- **WHAT YOU NEED TO DO**
Pictures stay out of the copy; output exactly the lines from the one containing "Slide: The Image of 2021" through the end of the material.

- **RECORDS PROVIDED**
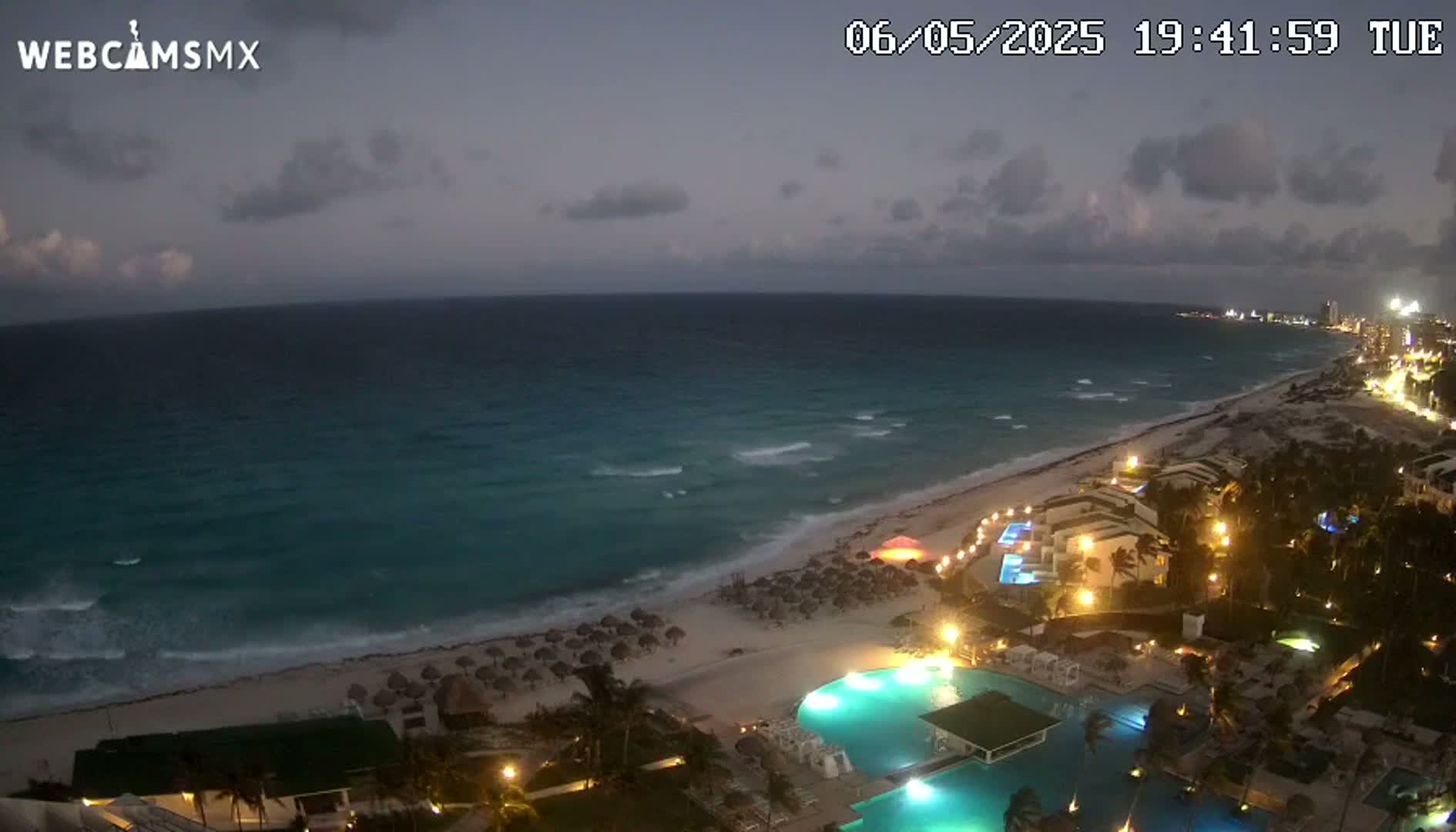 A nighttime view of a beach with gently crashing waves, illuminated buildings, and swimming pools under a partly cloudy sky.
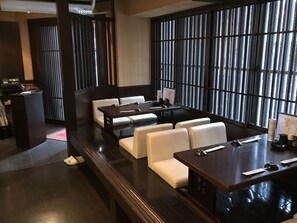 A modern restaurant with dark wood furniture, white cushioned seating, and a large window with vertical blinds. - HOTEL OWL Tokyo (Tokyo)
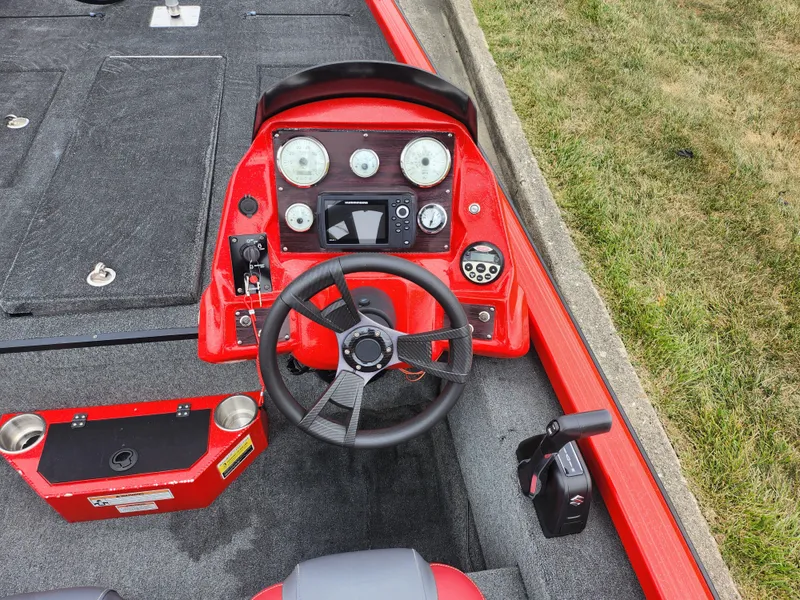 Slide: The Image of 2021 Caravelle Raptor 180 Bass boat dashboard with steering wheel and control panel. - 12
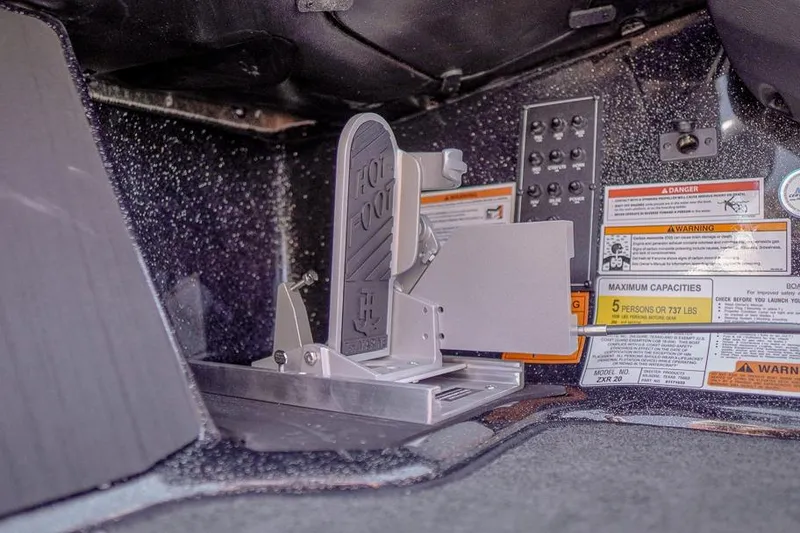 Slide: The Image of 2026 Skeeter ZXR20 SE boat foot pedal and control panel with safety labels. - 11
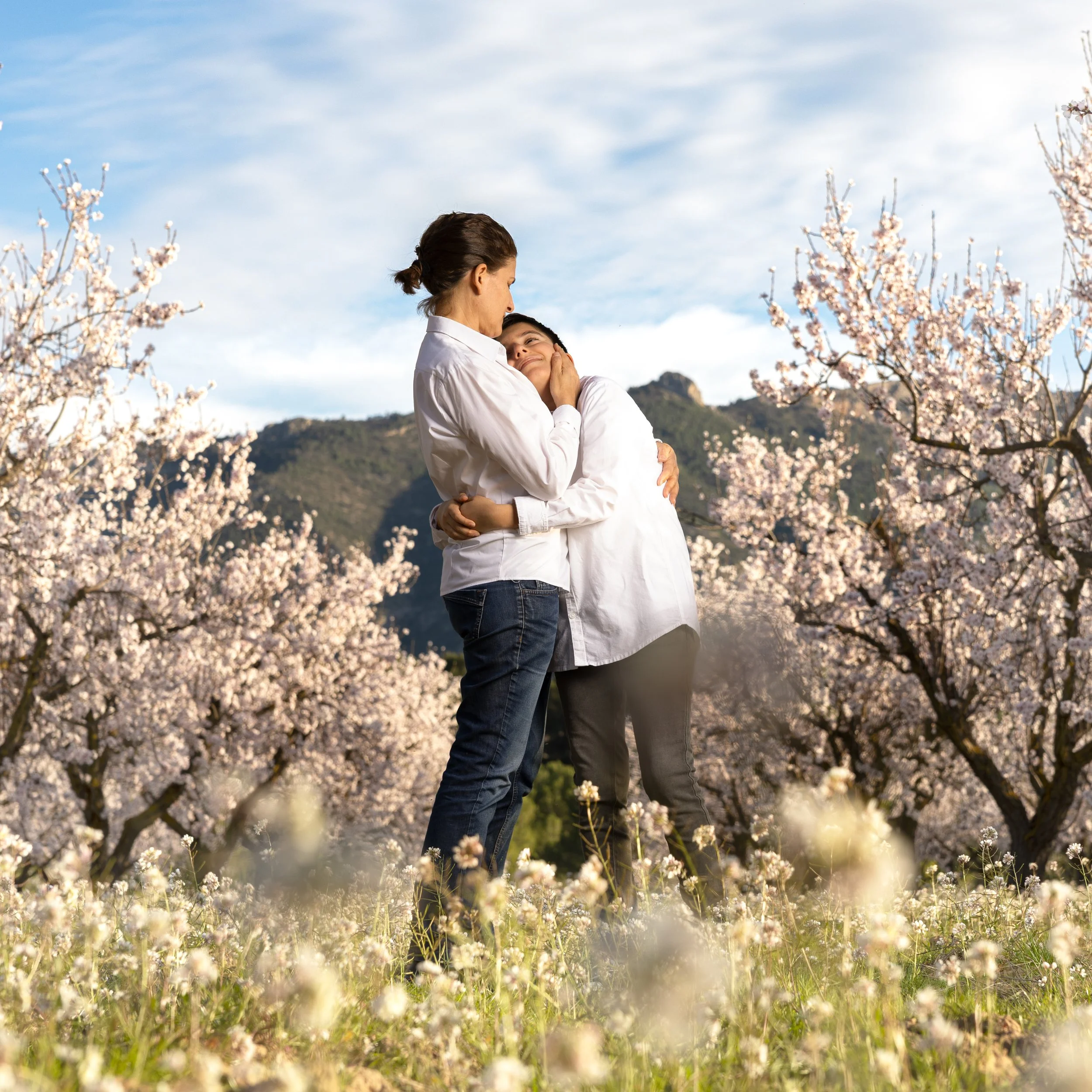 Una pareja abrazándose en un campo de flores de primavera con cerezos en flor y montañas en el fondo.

- **ANSWER AREA**
 Slide: The Image of 2021 Caravelle Raptor 180 Bass boat dashboard with steering wheel and control panel. - 12
 Slide: The Image of 2026 Skeeter ZXR20 SE boat foot pedal and control panel with safety labels. - 11
 Una pareja abrazándose en un campo de flores de primavera con cerezos en flor y montañas en el fondo.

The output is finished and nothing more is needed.